Intellectual Property

At present, we do not have any patents, trademarks, licenses, franchises, concessions, and royalty agreements, labor contracts or other proprietary interests.

Research and Development

We are not currently conducting any research and development activities.

Governmental Regulation

All of our contemplated operations and properties are and will be subject to extensive Canadian and U.S. federal, provincial, state and local environmental and health and safety regulations governing, among other things, the generation, storage, handling, use and transportation of petroleum and hazardous substances; the emission and discharge of materials into the environment; waste management; and characteristics and composition of gasoline and diesel fuels. Our operations also require numerous permits and authorizations under various environmental and health and safety laws and regulations. Failure to comply with these permits or environmental laws generally could result in fines, penalties or other sanctions or a revocation of our permits. We will have to make significant capital and other expenditures related to environmental and health and safety compliance, including with respect to our air permits and the low-sulfur gasoline and ultra-low-sulfur diesel regulations.

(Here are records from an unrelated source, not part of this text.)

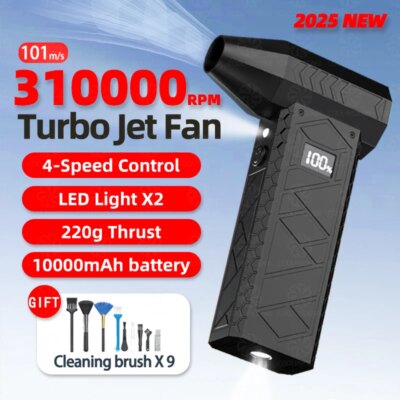 Mini Turbo Jet Fan,310000 RPM Mini Air Blower Handheld Electric Brushless Motor Violent Blower Wind Speed 101m/s Industrial Duct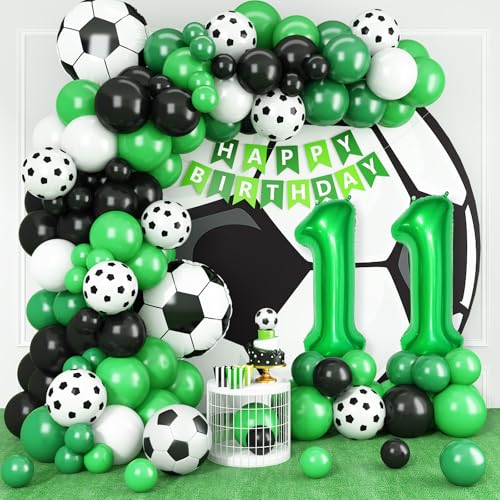 11 Fußball Geburtstagsdeko,11 Geburtstag Luftballons Girland mit Ballon 11 Happy Birthday Girlande Fussball Luftballon Grün Schwarz Luftballon für Kinder Junge 11 Geburtstag Party Dekoration von Adorely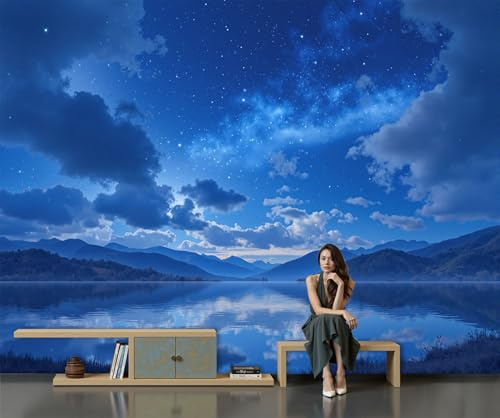Papel Tapiz 150×105 Cm, Papel Pintado Lago Bajo El Cielo Estrellado Para El Hogar, Dormitorio Y Sala De Estar, Decoración De Paredes, Mural Paisajes Naturales De Ensueño No Tejido, Azul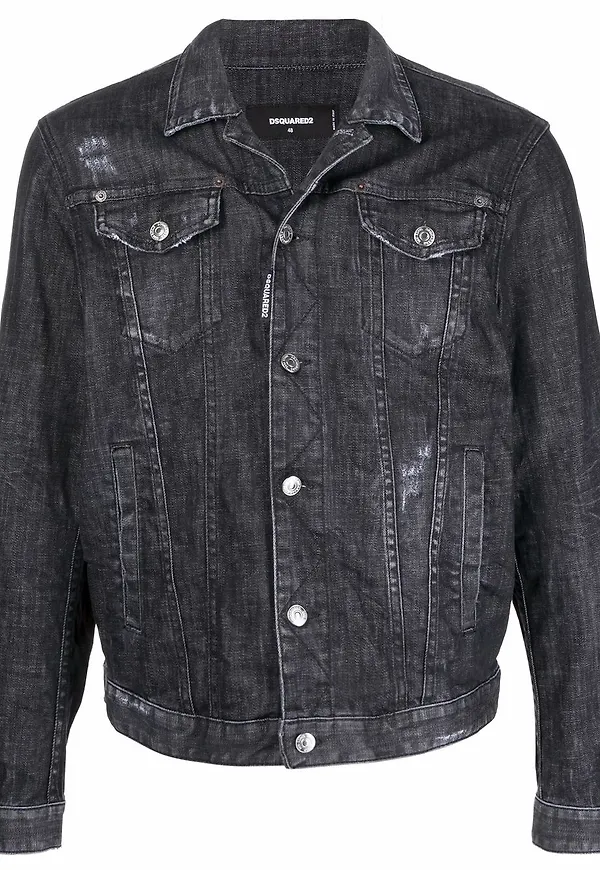 Dsquared2 jeansjacka med knäppning - Svart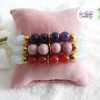 AELORIA || Bracelet Elastique fait-main en Perles Amethyste, Cornaline, Rhodonite et Opalite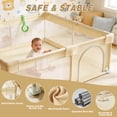 thumbnail image 3 of Easy4Home Large Baby Playpen 48"x48" Toddler Play Yards Safety Fence, Beige, 3 of 9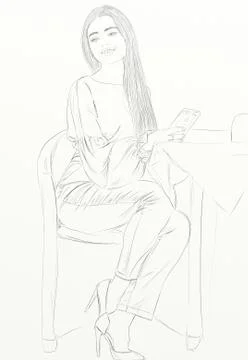 A model sitting at a table with an iphone in her hand Stock Illustration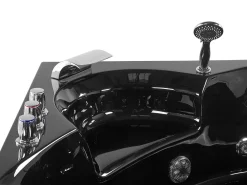 Banheira De Hidromassagem De Canto Em Acrilico Preto Com Led 145 X 145 Cm Senado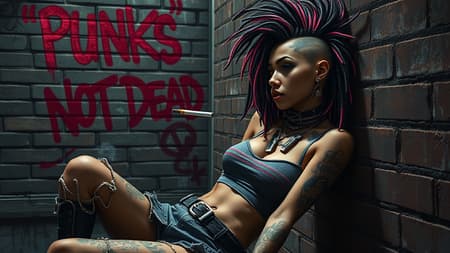 A slender punk female reclined against the brick wall of a dimly lit alley, savoring a stub of a cigarette. The wall behind her bears a graffiti message in bold crimson declaring "Punk's Not Dead." Her hyper-realistic appearance is accentuated by intricately detailed dreadlocks interwoven with pink and black hues, framing a distinctive side mohawk haircut. Large necklaces adorn her neck, while tattoos weave across every inch of her exposed skin. Piercings punctuate her nose, lip, and eyebrow, adding to her rebellious aura. She wears a worn crop tank top, paired with dirty and tattered clothing, exuding a gritty authenticity. The wide, darkened background emphasizes her figure, brought to life with lighting reminiscent of Rembrandt. This scene captures the essence of concept and fantasy art, with hyper-detailed and intricate elements intricately woven into the composition, evoking the style of Luis Royo with a sharp focus. A slender punk female reclined against the brick wall of a dimly lit alley, savoring a stub of a cigarette. The wall behind her bears a graffiti message in bold crimson declaring "Punk's Not Dead." Her hyper-realistic appearance is accentuated by intricately detailed dreadlocks interwoven with pink and black hues, framing a distinctive side mohawk haircut. Large necklaces adorn her neck, while tattoos weave across every inch of her exposed skin. Piercings punctuate her nose, lip, and eyebrow, adding to her rebellious aura. She wears a worn crop tank top, paired with dirty and tattered clothing, exuding a gritty authenticity. The wide, darkened background emphasizes her figure, brought to life with lighting reminiscent of Rembrandt. This scene captures the essence of concept and fantasy art, with hyper-detailed and intricate elements intricately woven into the composition, evoking the style of Luis Royo with a sharp focus.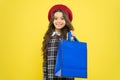 Shopping day. Happy child hold packages. Girl with shopping bag. Save money. Rediscover great shopping tradition Royalty Free Stock Photo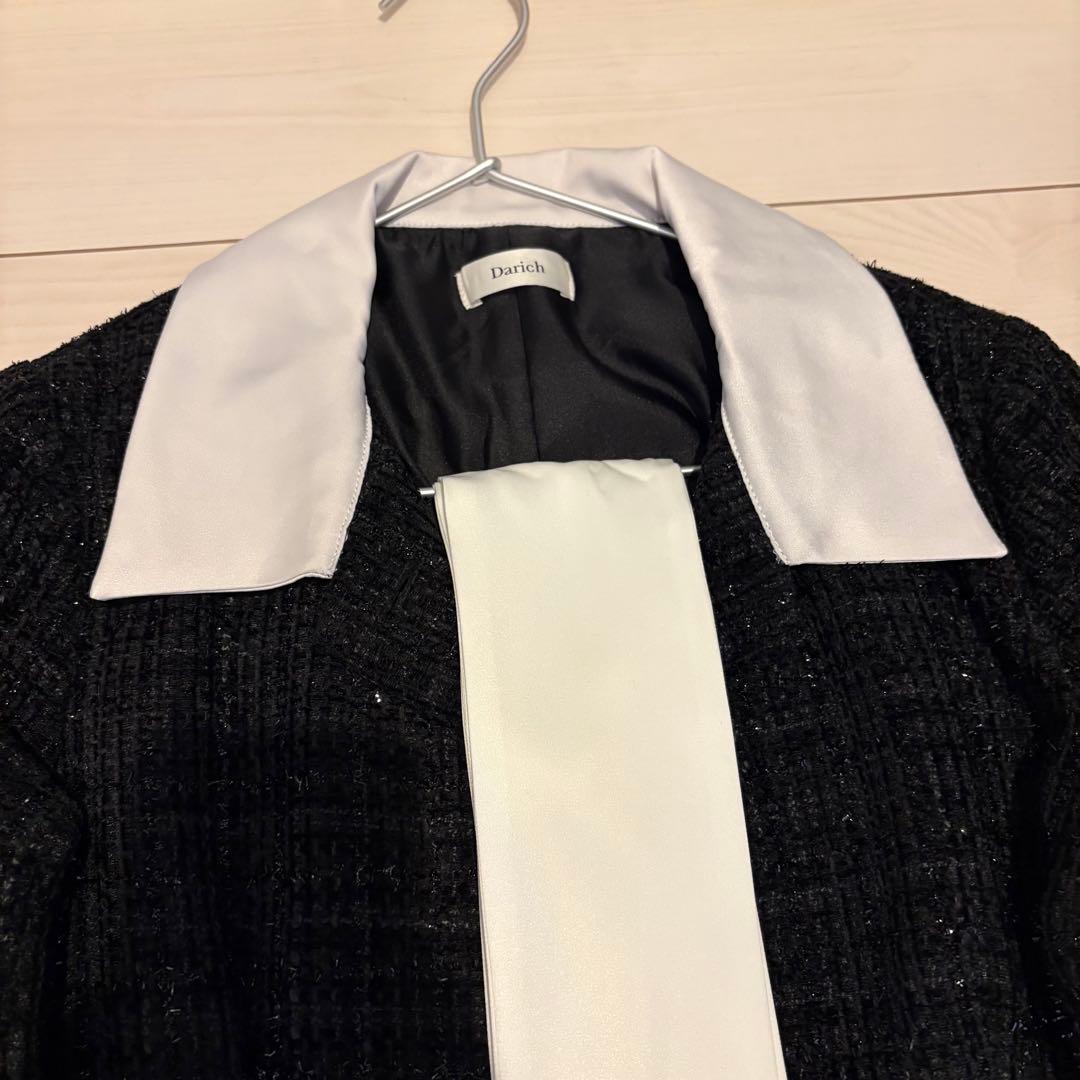 Darich クラシカルボウタイツイードミニワンピース ブラック FL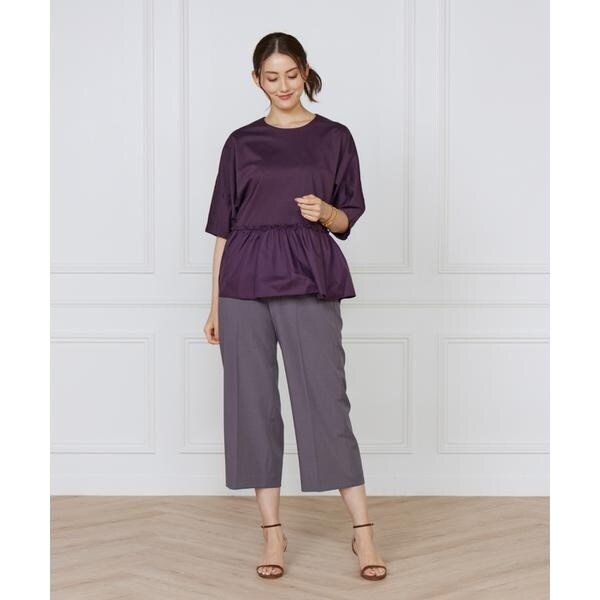 セブンアイディコンセプト（7ID concept）/《大きいサイズ》ワイドクロップトパンツ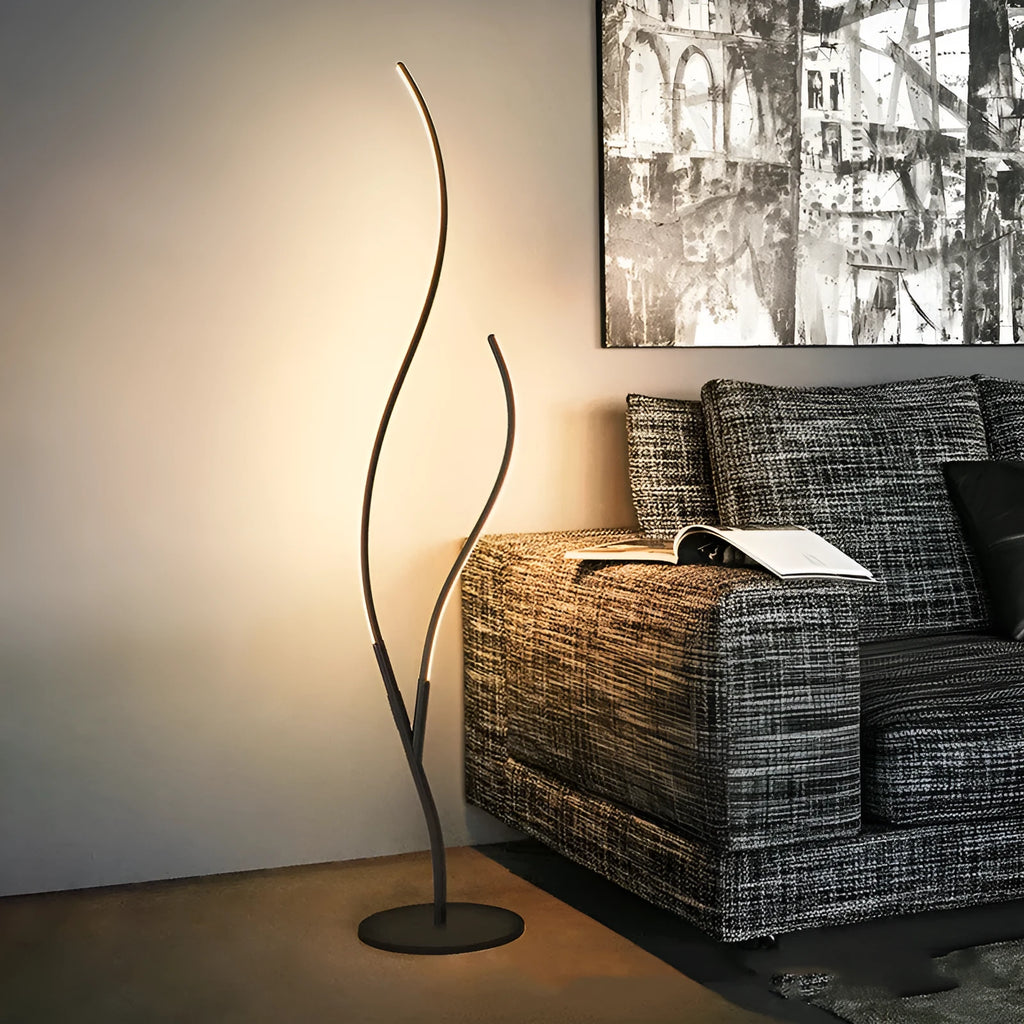 Fashion Twig Artistic Line Floor Lamp with LED light silicone shade aluminium alloy body stepless dimming black finish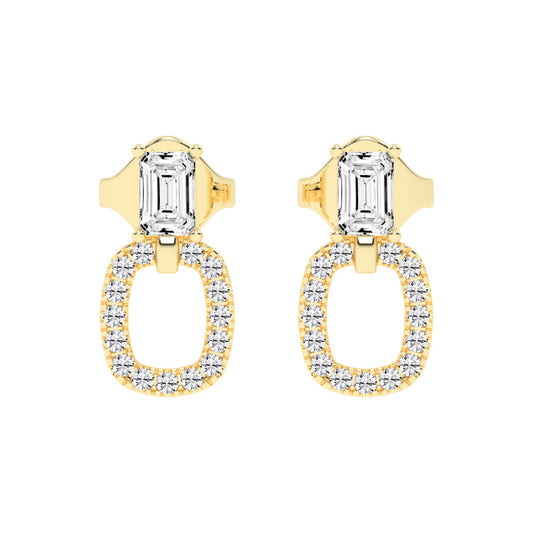 Baguette Cut & PavÃ© Diamond Earrings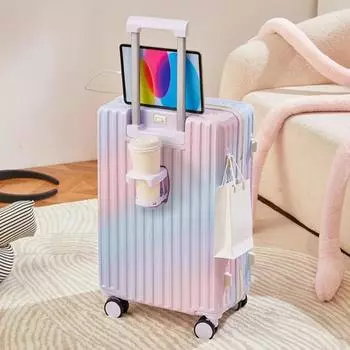 Чемодан в клетку 20/24 дюйма с жестким корпусом, устойчивым к царапинам, с USB-интерфейсом и подстаканником 20Inch разноцветный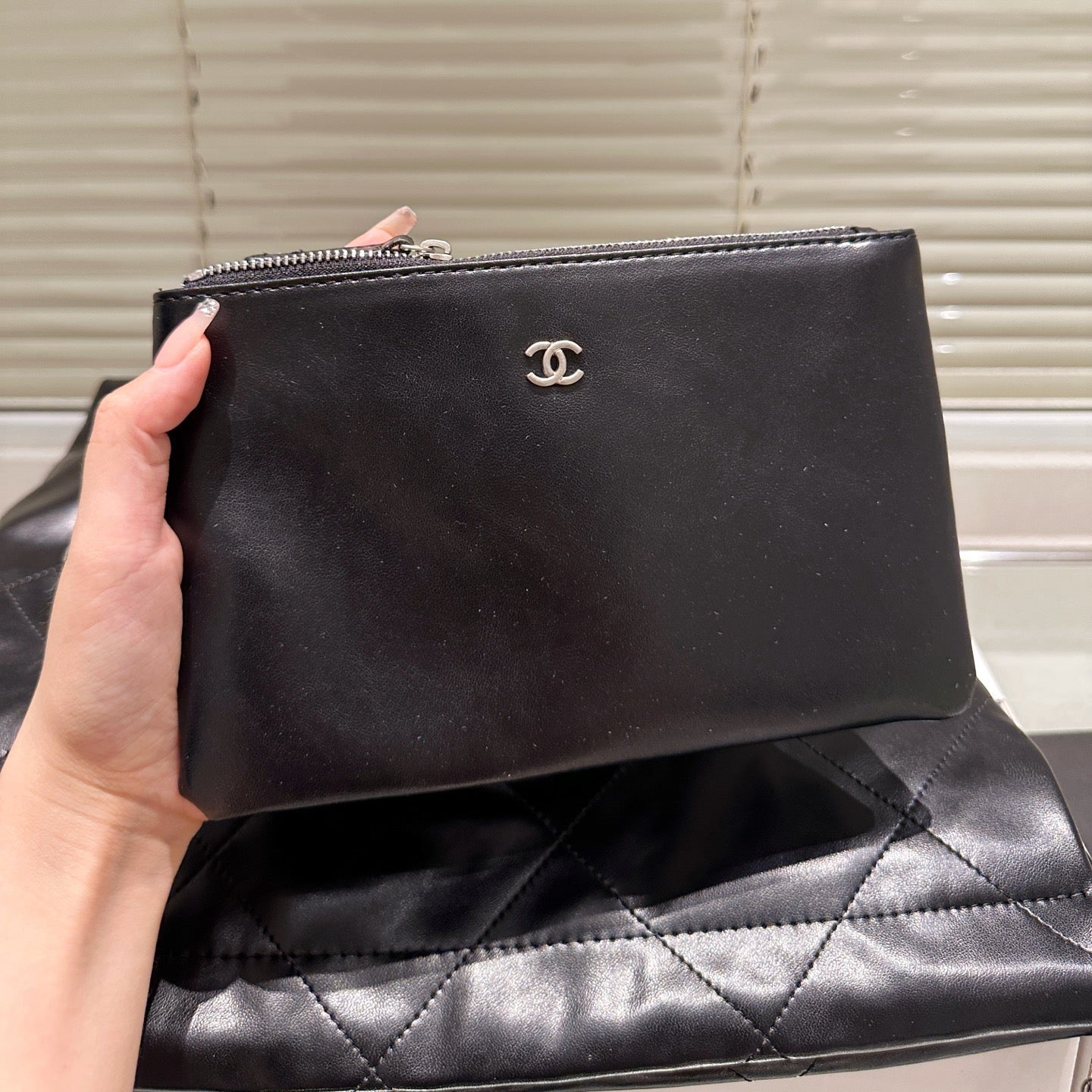 Large Waxed Leather Silver Shoulder Bag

Canada has adopted the Canadian Environmental Protection Act 1999 (“CEPA”) and the U.S. Environmental Protection Agency has adopted regulations that require significant reductions in the sulfur content in gasoline and diesel fuel. These regulations required most refineries to begin reducing sulfur content in gasoline. However, we believe we may qualify for what is known as small refiner status under such regulations which would provide us some relief from some of such regulations. We intend to have the Stoughton Refinery designed and engineered to adhere to all required regulations of CEPA. No assurances can be given that the Stoughton Refinery we will adhere to all required regulations of CEPA.

Certain environmental laws hold current or previous owners or operators of real property liable for the costs of cleaning up spills, releases and discharges of petroleum or hazardous substances, even if these owners or operators did not know of and were not responsible for such spills, releases and discharges. These environmental laws also assess liability on any person who arranges for the disposal or treatment of hazardous substances, regardless of whether the affected site is owned or operated by such person.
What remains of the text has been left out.